Here is the wonder of it: The sovereign God includes us in his redemption story. Not because He needs us, but because He wants us! That is why evangelism and missions for the true Calvinist become a matter of great joy—because we get to be a staff in the shepherd’s hand which helps bring people into his fold.
It is for all these reasons that so many Calvinists through history have been passionate about evangelism, missions and prayer.
Calvin himself said we must do everything possible to draw people to God. So he urged diligence in faithful gospel preaching, with zeal and burning desire so that everyone would be saved. (See his sermons on the book of Acts).
Calvinist William Carey is often called “the father of modern missions movement.” Carey urged his fellow Christians to “exert themselves to the utmost “ in fulfilling the Great Commission.
Calvinist John Bunyan pleaded with the people of his day to “flee from the wrath to come.”
Calvinist pastor and theologian Jonathan Edwards pleaded with people to flee hell and cherish heaven. He said, “Sinners. . . . should be earnestly invited to come and accept of a Savior, and yield their hearts unto him, with all the winning, encouraging arguments for them…that the Gospel affords.”
Calvinist pastor Charles Spurgeon urged people as he preached. He did not just present them mere information. He pleaded with them. He once said, “If there be any one point in which the Christian church ought to keep its fervor at white heat, it is concerning missions. If there be anything about which we cannot tolerate lukewarmness, it is the matter of sending the gospel to a dying world.”

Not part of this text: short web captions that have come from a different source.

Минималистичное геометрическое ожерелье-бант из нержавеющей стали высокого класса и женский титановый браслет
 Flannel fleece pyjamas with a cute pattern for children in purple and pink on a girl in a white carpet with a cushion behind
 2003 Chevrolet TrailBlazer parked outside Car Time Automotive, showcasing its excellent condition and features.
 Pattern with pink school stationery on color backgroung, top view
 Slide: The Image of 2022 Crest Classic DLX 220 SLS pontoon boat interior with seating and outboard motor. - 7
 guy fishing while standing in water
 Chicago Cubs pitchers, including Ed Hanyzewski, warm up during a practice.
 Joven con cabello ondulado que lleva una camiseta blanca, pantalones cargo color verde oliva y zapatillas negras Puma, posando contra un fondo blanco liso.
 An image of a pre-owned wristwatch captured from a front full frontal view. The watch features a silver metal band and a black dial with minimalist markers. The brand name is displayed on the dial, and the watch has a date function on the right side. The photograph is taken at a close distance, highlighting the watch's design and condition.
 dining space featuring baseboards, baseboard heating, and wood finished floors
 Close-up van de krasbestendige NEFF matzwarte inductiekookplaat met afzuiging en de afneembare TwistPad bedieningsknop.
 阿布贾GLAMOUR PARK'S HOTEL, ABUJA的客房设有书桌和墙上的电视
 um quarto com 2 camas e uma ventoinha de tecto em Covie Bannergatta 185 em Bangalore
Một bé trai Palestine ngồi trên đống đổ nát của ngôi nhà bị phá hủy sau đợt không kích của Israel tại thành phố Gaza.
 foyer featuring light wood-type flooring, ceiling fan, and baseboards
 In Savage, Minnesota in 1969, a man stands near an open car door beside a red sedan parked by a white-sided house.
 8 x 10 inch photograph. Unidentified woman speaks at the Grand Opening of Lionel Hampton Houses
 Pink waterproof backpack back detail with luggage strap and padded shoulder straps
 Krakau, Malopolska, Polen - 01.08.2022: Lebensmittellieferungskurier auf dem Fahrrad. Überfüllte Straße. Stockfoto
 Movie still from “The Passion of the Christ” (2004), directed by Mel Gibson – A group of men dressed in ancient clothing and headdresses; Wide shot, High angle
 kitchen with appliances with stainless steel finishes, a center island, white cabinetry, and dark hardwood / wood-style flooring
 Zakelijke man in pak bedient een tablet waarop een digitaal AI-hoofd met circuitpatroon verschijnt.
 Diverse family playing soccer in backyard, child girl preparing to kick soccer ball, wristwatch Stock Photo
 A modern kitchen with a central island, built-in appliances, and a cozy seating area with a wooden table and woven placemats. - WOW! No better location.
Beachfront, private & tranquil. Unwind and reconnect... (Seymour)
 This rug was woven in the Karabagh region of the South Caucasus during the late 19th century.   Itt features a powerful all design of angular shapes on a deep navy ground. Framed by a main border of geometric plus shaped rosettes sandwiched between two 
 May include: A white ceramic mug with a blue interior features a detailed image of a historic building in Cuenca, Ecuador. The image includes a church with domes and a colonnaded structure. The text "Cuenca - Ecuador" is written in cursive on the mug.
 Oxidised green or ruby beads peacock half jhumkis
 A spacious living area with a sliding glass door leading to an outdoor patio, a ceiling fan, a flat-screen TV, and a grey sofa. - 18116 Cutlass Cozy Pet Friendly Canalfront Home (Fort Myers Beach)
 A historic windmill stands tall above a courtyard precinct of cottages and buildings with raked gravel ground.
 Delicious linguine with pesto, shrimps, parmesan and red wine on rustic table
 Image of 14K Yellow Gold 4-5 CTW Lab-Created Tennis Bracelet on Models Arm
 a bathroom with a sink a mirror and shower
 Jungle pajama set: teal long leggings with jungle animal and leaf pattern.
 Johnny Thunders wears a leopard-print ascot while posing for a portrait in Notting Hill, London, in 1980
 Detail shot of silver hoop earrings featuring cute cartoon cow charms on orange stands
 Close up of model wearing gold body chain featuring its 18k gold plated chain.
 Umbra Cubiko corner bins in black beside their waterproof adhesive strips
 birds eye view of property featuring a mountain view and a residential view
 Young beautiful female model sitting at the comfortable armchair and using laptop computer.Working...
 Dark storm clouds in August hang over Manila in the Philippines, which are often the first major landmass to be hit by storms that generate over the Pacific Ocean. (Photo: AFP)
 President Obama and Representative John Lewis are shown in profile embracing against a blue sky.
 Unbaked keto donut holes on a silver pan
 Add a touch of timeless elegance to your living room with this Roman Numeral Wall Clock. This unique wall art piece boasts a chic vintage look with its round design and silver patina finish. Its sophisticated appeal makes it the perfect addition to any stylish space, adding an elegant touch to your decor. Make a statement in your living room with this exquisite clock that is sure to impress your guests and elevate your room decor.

Some may find it interesting that the founder and first president of Reformed Theological Seminary—Sam Patterson—was not a theologian, but an evangelist. Like myself, he understood that the God who ordained the ends of salvation, also ordained the means by which we are saved. Those chosen means include obedience, prayer, evangelism, missions, loving service, and urgent declarations of the gospel.
It is for all these reasons that I, as a president of a Reformed seminary, want to commit myself to help fulfilling the Great Commission, and want us to be a gospel driven seminary that prepares pastors and leaders for the global church of the twenty first century.